I stand up straight and face her. “You just openly threaten to murder someone, that won’t take too well with the courts. Do you think your idle threats are going to work on me? You’re wrong! Go ask your son how I take to being threatened. I’m done being everyone yes girl. ”

“No one is around so I guess it’s your word against mine Dear.” She’s right and if I walk out of here I could take the chance of losing Dan and my baby.
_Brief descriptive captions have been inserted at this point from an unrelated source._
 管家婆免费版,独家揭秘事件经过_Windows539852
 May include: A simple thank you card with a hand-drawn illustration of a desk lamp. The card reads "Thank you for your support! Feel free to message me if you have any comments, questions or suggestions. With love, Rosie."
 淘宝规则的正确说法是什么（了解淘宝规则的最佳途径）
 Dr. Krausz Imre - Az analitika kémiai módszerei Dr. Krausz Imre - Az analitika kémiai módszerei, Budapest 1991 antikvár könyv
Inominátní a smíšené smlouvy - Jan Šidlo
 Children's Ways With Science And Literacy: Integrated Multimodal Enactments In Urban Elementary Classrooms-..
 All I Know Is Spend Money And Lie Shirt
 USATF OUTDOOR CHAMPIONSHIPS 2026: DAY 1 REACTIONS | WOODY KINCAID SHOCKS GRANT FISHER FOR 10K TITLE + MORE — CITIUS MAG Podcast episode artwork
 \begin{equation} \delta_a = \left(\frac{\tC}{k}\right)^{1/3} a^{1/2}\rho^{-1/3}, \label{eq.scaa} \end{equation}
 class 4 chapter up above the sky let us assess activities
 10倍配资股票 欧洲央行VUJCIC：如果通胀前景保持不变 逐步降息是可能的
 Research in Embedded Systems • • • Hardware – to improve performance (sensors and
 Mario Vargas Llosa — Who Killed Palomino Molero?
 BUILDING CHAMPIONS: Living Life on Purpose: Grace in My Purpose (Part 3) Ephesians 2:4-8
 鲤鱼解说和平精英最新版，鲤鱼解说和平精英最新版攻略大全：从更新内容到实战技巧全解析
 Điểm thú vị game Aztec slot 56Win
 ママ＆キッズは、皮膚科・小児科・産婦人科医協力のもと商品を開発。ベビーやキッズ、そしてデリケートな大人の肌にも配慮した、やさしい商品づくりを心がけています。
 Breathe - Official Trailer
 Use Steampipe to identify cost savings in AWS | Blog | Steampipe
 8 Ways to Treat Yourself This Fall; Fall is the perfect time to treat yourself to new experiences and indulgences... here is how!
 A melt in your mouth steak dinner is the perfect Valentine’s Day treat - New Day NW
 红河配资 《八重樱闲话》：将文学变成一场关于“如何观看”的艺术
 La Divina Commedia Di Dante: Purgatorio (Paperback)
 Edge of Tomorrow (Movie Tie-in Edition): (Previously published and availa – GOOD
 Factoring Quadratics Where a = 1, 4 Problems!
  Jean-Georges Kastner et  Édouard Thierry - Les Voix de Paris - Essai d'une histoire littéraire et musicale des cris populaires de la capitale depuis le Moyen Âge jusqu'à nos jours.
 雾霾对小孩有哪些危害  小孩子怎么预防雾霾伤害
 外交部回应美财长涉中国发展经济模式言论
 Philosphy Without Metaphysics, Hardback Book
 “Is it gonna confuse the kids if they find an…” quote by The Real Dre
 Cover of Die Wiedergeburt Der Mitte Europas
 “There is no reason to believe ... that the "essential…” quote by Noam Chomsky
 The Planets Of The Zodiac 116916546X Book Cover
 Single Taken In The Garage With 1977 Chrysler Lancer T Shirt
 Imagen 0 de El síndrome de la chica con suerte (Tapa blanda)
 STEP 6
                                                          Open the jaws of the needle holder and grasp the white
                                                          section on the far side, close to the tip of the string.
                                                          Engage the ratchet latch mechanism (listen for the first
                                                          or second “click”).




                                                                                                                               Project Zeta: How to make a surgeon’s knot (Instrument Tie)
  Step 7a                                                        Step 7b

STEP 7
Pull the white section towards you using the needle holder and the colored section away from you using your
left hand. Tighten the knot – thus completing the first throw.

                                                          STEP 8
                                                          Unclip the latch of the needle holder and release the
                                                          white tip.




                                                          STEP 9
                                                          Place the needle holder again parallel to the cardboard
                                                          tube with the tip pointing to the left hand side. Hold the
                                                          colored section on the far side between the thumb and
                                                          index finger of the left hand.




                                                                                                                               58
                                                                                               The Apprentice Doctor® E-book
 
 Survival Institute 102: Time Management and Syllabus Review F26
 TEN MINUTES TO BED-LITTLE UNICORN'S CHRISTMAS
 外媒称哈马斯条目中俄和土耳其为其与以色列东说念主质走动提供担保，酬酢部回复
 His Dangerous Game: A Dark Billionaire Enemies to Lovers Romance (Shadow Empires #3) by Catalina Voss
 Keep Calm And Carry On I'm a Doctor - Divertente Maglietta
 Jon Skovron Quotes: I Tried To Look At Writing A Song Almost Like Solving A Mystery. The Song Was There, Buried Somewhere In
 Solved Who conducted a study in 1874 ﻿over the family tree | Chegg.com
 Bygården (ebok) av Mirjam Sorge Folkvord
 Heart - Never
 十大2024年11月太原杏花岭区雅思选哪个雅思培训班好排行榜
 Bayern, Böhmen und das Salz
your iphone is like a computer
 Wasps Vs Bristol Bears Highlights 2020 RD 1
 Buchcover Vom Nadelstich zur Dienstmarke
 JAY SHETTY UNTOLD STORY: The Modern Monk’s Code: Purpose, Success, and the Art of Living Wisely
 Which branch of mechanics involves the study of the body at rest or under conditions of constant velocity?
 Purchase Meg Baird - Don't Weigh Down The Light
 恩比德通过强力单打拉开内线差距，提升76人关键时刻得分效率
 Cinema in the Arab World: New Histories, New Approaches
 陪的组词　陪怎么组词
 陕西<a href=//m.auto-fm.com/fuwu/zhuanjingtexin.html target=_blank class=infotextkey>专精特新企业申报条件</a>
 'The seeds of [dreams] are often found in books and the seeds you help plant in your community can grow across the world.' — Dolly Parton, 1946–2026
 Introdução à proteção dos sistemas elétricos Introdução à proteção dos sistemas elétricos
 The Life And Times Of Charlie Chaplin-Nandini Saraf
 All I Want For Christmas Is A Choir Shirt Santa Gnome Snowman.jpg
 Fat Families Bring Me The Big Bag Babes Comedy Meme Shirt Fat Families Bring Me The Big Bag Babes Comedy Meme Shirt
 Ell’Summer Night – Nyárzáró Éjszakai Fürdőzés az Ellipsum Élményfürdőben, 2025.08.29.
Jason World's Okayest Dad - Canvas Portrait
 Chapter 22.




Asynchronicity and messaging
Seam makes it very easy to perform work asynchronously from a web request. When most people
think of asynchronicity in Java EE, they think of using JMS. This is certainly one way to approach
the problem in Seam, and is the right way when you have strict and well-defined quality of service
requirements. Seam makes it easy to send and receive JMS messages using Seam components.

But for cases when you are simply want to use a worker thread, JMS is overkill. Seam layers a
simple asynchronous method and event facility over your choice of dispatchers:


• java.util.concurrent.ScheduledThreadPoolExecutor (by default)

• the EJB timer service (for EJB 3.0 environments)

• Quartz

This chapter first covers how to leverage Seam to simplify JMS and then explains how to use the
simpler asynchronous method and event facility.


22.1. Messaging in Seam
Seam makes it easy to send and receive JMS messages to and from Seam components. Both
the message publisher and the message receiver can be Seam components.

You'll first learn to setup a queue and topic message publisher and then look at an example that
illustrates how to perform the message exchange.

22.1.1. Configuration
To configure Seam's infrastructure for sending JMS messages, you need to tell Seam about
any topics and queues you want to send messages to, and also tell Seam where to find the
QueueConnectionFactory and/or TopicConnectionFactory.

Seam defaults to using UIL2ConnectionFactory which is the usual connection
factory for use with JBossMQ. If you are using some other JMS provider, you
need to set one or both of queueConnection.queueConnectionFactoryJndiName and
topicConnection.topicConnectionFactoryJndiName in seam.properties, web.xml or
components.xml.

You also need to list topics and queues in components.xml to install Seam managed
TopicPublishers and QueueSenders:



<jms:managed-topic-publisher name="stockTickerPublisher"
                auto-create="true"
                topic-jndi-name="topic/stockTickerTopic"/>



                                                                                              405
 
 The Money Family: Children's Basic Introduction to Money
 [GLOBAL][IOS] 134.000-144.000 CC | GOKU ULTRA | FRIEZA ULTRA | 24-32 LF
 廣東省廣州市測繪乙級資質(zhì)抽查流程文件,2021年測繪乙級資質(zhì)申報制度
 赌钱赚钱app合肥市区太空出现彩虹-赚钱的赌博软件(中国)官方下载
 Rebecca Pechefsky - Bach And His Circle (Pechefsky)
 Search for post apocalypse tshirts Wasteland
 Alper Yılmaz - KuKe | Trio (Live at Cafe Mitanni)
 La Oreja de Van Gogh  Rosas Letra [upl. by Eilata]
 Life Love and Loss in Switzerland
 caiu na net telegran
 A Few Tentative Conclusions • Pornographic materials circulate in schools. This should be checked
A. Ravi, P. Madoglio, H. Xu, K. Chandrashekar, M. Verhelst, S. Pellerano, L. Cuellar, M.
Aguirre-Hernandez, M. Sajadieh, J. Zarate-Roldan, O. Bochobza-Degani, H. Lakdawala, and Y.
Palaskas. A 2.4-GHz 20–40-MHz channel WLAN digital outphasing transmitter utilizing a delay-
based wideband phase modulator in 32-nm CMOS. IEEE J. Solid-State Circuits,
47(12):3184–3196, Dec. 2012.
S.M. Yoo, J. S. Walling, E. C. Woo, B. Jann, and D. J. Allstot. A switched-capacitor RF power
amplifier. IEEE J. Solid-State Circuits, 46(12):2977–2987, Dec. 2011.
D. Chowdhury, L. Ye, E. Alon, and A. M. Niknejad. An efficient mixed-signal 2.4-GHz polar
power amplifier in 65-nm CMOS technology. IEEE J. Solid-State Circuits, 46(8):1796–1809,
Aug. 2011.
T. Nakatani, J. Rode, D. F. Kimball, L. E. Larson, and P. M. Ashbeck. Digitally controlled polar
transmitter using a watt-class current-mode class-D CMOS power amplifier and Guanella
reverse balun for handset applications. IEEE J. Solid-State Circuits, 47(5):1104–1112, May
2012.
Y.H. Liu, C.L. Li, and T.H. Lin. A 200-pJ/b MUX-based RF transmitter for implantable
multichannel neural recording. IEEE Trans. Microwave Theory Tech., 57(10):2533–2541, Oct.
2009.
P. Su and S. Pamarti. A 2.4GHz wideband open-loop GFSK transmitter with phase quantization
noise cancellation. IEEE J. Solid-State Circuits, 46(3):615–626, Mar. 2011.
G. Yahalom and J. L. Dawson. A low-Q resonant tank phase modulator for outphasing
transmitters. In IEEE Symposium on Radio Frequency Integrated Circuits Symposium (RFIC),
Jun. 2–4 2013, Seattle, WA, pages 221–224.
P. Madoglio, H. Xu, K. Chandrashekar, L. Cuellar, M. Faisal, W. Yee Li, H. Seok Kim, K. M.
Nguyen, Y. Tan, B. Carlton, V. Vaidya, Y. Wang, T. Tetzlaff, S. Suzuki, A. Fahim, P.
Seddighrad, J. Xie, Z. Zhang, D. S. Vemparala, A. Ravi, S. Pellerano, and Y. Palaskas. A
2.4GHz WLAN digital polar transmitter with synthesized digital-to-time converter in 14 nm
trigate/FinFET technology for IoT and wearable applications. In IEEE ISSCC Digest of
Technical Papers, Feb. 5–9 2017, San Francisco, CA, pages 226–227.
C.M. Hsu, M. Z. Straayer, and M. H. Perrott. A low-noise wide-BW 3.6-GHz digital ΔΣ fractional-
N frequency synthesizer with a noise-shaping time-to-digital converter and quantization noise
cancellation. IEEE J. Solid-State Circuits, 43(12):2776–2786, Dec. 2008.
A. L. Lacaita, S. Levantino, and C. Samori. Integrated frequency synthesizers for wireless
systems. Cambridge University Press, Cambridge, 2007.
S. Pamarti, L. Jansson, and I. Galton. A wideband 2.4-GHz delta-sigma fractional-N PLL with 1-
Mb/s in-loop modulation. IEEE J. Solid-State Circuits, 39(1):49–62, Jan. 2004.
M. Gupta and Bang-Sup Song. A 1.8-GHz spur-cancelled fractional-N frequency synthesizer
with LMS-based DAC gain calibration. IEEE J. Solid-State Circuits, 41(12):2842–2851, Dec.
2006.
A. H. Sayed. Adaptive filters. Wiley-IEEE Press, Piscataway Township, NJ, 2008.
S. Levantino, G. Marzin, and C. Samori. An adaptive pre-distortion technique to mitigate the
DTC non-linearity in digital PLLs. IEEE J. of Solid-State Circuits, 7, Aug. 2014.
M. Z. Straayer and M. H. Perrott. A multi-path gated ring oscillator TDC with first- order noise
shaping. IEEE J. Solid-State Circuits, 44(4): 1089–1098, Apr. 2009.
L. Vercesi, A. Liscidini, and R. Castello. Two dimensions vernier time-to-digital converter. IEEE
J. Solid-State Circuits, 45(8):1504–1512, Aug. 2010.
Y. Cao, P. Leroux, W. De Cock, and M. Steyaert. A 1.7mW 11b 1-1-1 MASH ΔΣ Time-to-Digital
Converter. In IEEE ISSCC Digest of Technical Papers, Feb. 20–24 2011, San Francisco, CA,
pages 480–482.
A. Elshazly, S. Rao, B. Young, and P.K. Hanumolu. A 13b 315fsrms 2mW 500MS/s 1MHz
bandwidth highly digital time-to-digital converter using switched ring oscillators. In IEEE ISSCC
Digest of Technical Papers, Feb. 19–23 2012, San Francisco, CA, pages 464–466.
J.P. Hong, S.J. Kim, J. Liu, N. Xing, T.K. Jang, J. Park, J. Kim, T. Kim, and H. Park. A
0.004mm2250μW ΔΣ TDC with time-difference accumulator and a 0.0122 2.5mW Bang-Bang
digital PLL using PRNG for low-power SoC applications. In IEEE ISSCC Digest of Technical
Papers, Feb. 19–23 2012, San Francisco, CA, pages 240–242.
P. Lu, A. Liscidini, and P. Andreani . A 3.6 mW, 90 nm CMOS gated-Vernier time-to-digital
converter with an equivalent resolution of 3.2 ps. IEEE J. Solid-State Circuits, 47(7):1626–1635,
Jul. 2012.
She knows it too and is holding it over my head. “Now, you will go back right?” I have to do this for them; I will sacrifice my own happiness to keep Dan and my son alive.

“Yes.” I head back towards the bridal room preparing to grovel for forgiveness even at the sake of my pride.

“Wait, you don’t have to do this Em.” I let out a huge sigh of relief when I hear my hero’s voice. My Dad, I knew he would come to get me out of this and he will. He’s a great lawyer. I flip around and run toward him, I stumble over the stupid dress a few times but I make it to him. I go straight into his arms and he holds me protectively.

“You can’t force her into this marriage by bullying and threatening. I heard what you said to her and I can tell you I won’t let it go unnoticed.” The damn woman cackles.

“You are just as stupid as she is. You have nothing on me.” Dan uses his lawyer grin on her and she falters a bit. Dad only uses that grin when he knows he’s won.

“Well, I beg to differ because this little device right here says everything. I won’t take it anywhere right now but if you or Zeek come anywhere near my Daughter and Grandson I will send this to reporters so fast you won’t know what hit you. You’re not the one who holds the power plays anymore.” Go, Dad!!

Dad throws his arm over my shoulder and I lay my head on his. “Let’s get you out of here and go home.” I couldn’t agree more. I don’t have to marry Zeek but I have a feeling deep in my gut that this isn’t the last time I will see him.